El apadrinamiento de la guerra como cruzada por parte de los obispos culminó el 1 de julio de 1937 con la carta colectiva del Episcopado español, redactada por el cardenal Gomá. En nombre de esa guerra de religión ridiculizaron el sistema parlamentario -ajeno, según ellos, a la cultura y tradición españolas-, negaron la necesidad de reformas y bendijeron a los principales artífices del terror "blanco".

Cuando apareció esa carta del Episcopado, varias decenas de miles de "rojos" habían sido "paseados" sin procesos ni garantías judiciales. Entre los asesinos había católicos piadosos, de misa diaria, que además decían en voz alta que estaban haciendo una buena obra, un servicio a España y a la civilización occidental. Con la espada y la cruz, militares y clero limpiaron España de "indeseables". El general Franco se convirtió en el enviado de Dios para dirigir esa limpieza, y así fue tratado por la Iglesia. Un retrato de Franco y un crucifijo presidían la improvisada mesa de altar que Gumersindo de Estella tenía en la sala de la cárcel de Zaragoza donde auxiliaba espiritualmente a los presos condenados a la pena capital. Y la victoria de Franco, en esa paz incivil que siguió aniquilando a miles de españoles, le aportó a la Iglesia católica importantes privilegios.

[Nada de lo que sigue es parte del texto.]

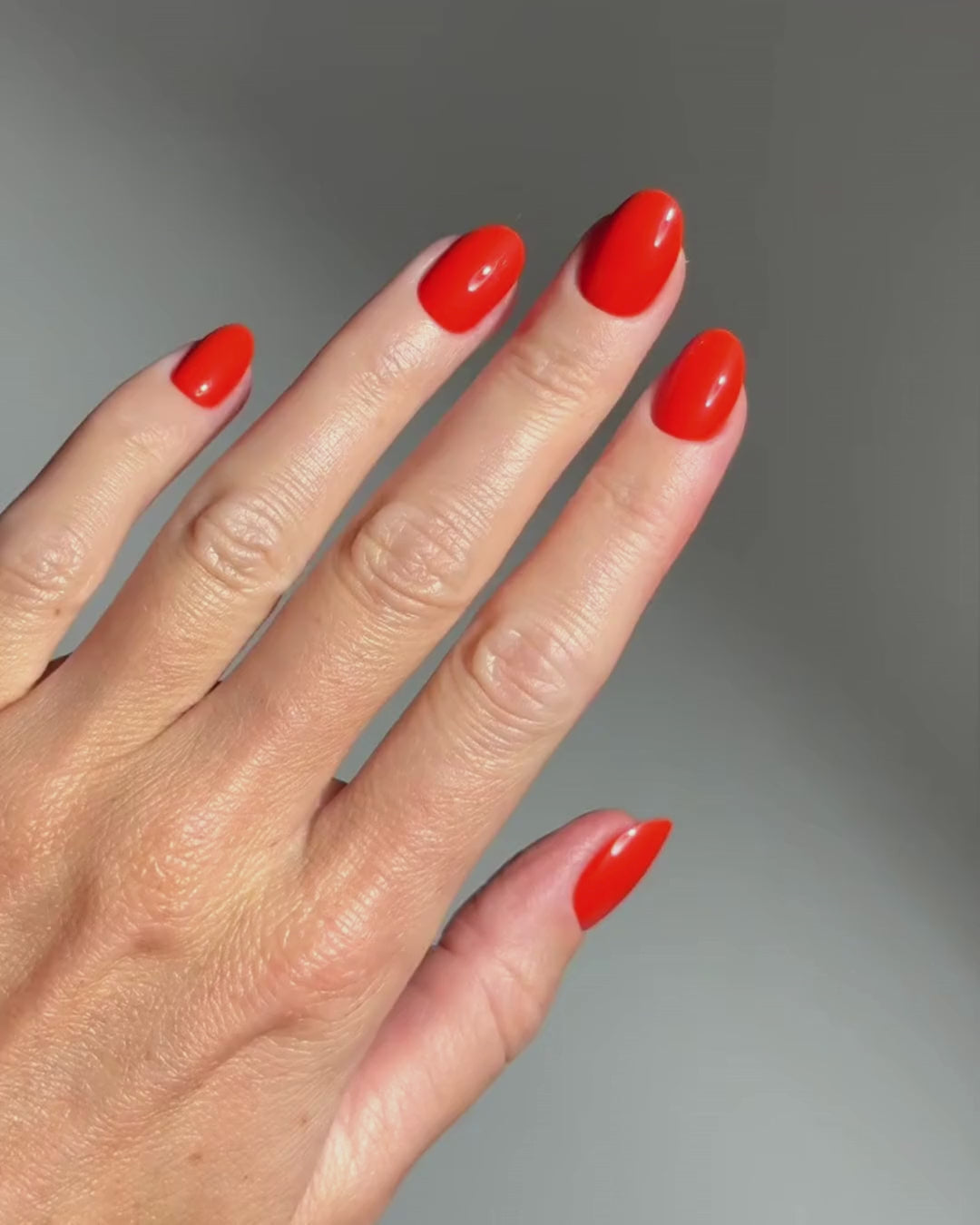 Dolve Vita Corte Rotonde Press Ons in Soft Gel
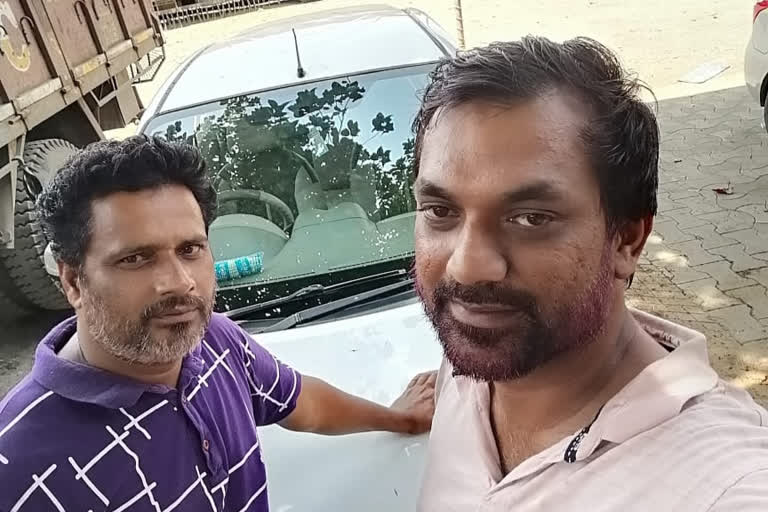 ಗುಜರಾತ್ ನಲ್ಲಿ ಸಿಲುಕಿದ ಪುತ್ತೂರಿನ ಯುವಕರು: ಕಾರಿನಲ್ಲಿಯೇ ವಾಸ!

Así las cosas, es normal que la Iglesia quiera recordar y honrar a sus mártires. Siempre lo ha hecho y es muy probable que siga haciéndolo. Pero, al abrir y reabrir procesos de beatificación de víctimas de esa "Cruzada", va mucho más allá. Convierte en heroico y glorioso un pasado que nada de eso tuvo. ¿O es que acaso, como decía el arzobispo de Zaragoza, la violencia es legítima cuando se ejecuta en nombre de valores superiores como la Patria y la Religión?

Julián Casanova es historiador, coautor de Víctimas de la guerra civil.